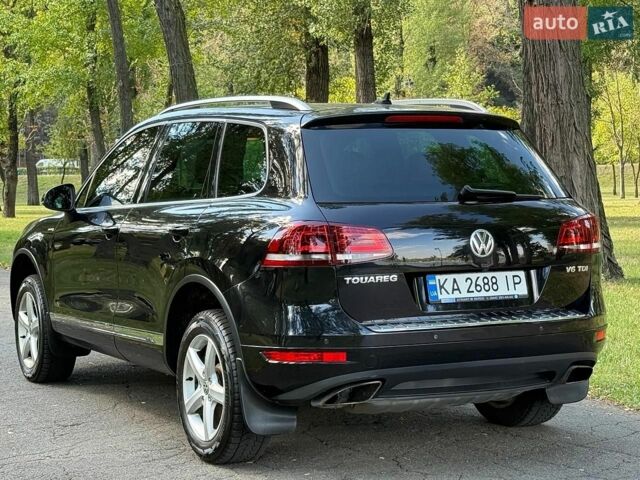 Черный Рено Модус, объемом двигателя 1.6 л и пробегом 71 тыс. км за 6500 $, фото 47 на Automoto.ua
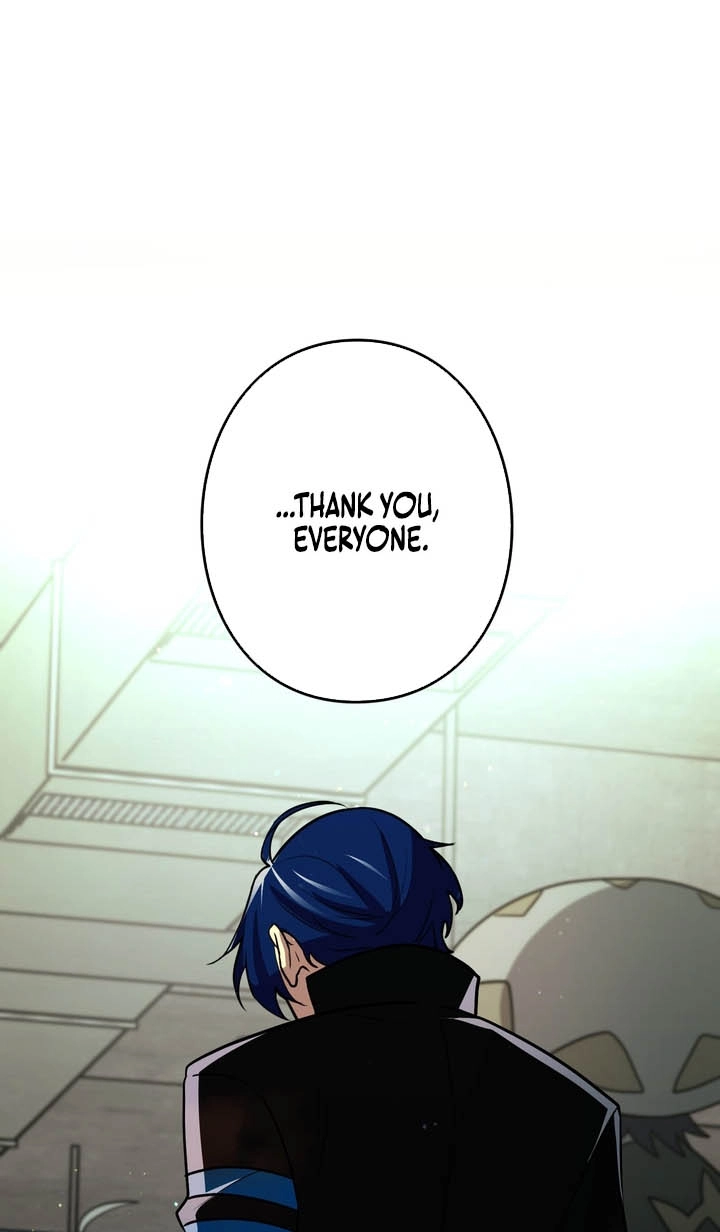 Read Hidden Class Gravity User chapter 201 image 68 on Lezhin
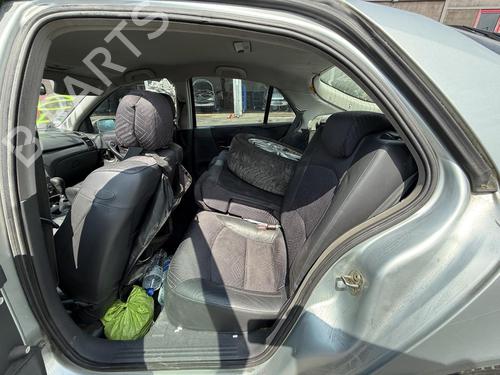 Left tailgate light RENAULT LAGUNA II (BG0/1_) 1.9 dCi | BP28474585C79  - Image 18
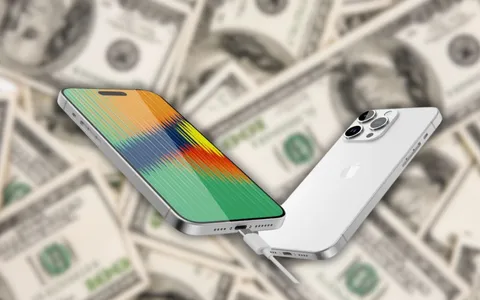 iPhone 15 più caro e un nuovo colore per Apple Watch Ultra: tutte le novità Apple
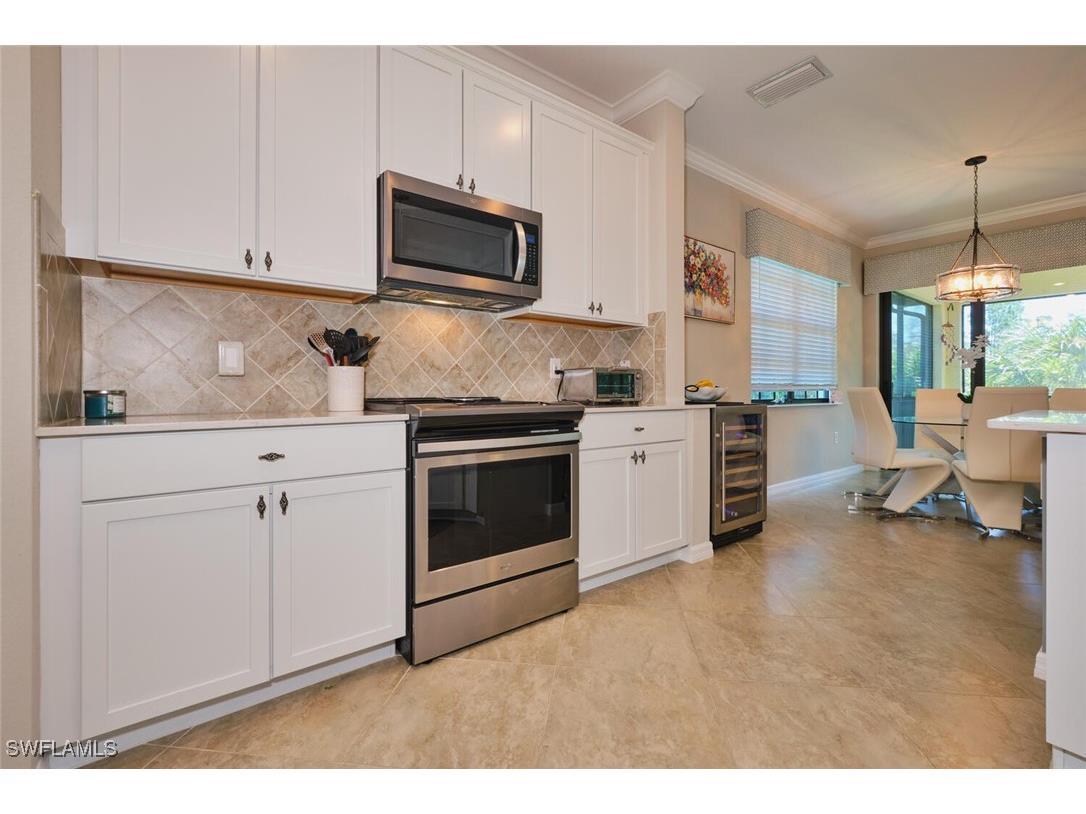 10517 Casella Way #201 Fort Myers FL 33913 225071132 image16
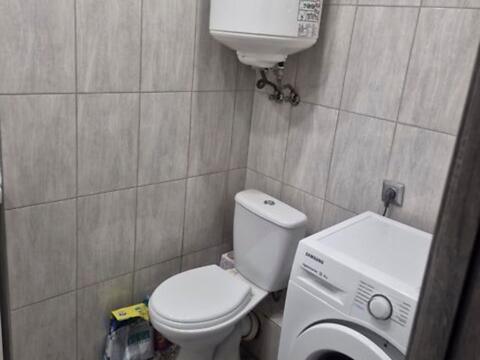 квартира по адресу Добровольцев пер., 6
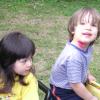 20030628_183340_DSCN0006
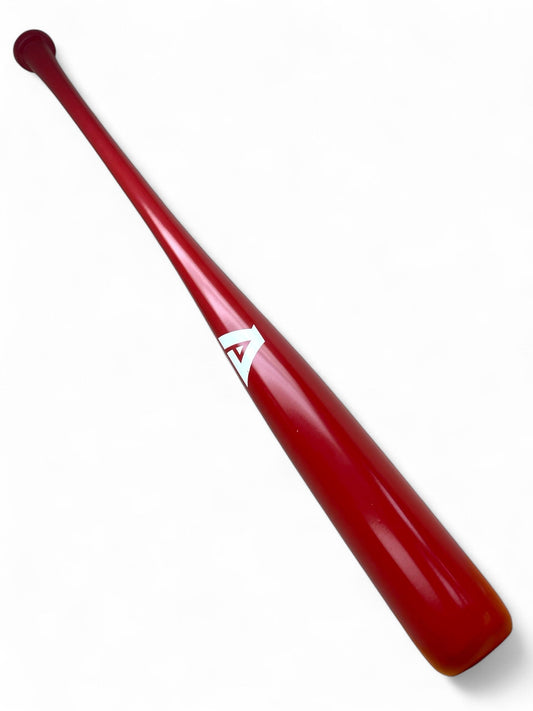BP Maple Weight Trainer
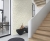Tapeta Rasch Country Charme 486148 6.jpg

Aim of the task — Could you write out the records exactly while omitting every picture?

Response —
 Черный Рено Модус, объемом двигателя 1.6 л и пробегом 71 тыс. км за 6500 $, фото 47 на Automoto.ua
 Read Hidden Class Gravity User chapter 201 image 68 on Lezhin
 Left tailgate light RENAULT LAGUNA II (BG0/1_) 1.9 dCi | BP28474585C79  - Image 18
 iPhone 15 più caro e un nuovo colore per Apple Watch Ultra: tutte le novità Apple
 10517 Casella Way #201 Fort Myers FL 33913 225071132 image16
 квартира по адресу Добровольцев пер., 6
 20030628_183340_DSCN0006
BP Maple Weight Trainer
Tapeta Rasch Country Charme 486148 6.jpg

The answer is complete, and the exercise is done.